[Records from a dataset]

++++++++++++++++++++

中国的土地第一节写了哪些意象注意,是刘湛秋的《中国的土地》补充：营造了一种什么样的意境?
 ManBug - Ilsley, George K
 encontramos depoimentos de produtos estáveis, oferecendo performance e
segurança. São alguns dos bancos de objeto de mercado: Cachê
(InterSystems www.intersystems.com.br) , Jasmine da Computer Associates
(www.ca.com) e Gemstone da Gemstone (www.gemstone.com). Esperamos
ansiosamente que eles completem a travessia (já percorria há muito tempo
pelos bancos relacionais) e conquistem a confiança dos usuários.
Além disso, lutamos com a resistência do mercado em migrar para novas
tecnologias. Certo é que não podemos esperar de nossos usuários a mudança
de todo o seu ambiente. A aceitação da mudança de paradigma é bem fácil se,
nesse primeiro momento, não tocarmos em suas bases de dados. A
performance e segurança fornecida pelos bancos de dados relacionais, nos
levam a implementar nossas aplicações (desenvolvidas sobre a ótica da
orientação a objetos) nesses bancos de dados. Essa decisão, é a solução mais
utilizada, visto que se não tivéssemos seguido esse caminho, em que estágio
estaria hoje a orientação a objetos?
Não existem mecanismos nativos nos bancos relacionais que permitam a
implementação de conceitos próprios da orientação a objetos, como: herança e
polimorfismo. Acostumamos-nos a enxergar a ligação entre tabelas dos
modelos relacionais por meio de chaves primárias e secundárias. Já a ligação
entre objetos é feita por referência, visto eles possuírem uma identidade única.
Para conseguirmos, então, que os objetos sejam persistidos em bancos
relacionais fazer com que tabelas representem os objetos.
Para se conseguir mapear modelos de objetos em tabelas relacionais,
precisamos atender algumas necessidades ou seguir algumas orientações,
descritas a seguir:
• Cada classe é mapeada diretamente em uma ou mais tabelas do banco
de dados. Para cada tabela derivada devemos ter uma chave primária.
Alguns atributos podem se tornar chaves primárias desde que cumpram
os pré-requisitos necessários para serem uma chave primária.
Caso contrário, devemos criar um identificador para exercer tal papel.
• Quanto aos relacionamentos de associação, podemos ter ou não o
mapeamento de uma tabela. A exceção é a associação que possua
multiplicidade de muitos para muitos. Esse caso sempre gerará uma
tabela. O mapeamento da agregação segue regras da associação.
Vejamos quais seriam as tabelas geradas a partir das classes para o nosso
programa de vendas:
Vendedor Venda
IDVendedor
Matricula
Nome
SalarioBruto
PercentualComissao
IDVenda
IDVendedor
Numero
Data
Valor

++++++++++++++++++++

» **Task instructions**: For this exercise, give the entries above again with no difference at all.

» **Your response**:
中国的土地第一节写了哪些意象注意,是刘湛秋的《中国的土地》补充：营造了一种什么样的意境?
 ManBug - Ilsley, George K
 encontramos depoimentos de produtos estáveis, oferecendo performance e
segurança. São alguns dos bancos de objeto de mercado: Cachê
(InterSystems www.intersystems.com.br) , Jasmine da Computer Associates
(www.ca.com) e Gemstone da Gemstone (www.gemstone.com). Esperamos
ansiosamente que eles completem a travessia (já percorria há muito tempo
pelos bancos relacionais) e conquistem a confiança dos usuários.
Além disso, lutamos com a resistência do mercado em migrar para novas
tecnologias. Certo é que não podemos esperar de nossos usuários a mudança
de todo o seu ambiente. A aceitação da mudança de paradigma é bem fácil se,
nesse primeiro momento, não tocarmos em suas bases de dados. A
performance e segurança fornecida pelos bancos de dados relacionais, nos
levam a implementar nossas aplicações (desenvolvidas sobre a ótica da
orientação a objetos) nesses bancos de dados. Essa decisão, é a solução mais
utilizada, visto que se não tivéssemos seguido esse caminho, em que estágio
estaria hoje a orientação a objetos?
Não existem mecanismos nativos nos bancos relacionais que permitam a
implementação de conceitos próprios da orientação a objetos, como: herança e
polimorfismo. Acostumamos-nos a enxergar a ligação entre tabelas dos
modelos relacionais por meio de chaves primárias e secundárias. Já a ligação
entre objetos é feita por referência, visto eles possuírem uma identidade única.
Para conseguirmos, então, que os objetos sejam persistidos em bancos
relacionais fazer com que tabelas representem os objetos.
Para se conseguir mapear modelos de objetos em tabelas relacionais,
precisamos atender algumas necessidades ou seguir algumas orientações,
descritas a seguir:
• Cada classe é mapeada diretamente em uma ou mais tabelas do banco
de dados. Para cada tabela derivada devemos ter uma chave primária.
Alguns atributos podem se tornar chaves primárias desde que cumpram
os pré-requisitos necessários para serem uma chave primária.
Caso contrário, devemos criar um identificador para exercer tal papel.
• Quanto aos relacionamentos de associação, podemos ter ou não o
mapeamento de uma tabela. A exceção é a associação que possua
multiplicidade de muitos para muitos. Esse caso sempre gerará uma
tabela. O mapeamento da agregação segue regras da associação.
Vejamos quais seriam as tabelas geradas a partir das classes para o nosso
programa de vendas:
Vendedor Venda
IDVendedor
Matricula
Nome
SalarioBruto
PercentualComissao
IDVenda
IDVendedor
Numero
Data
Valor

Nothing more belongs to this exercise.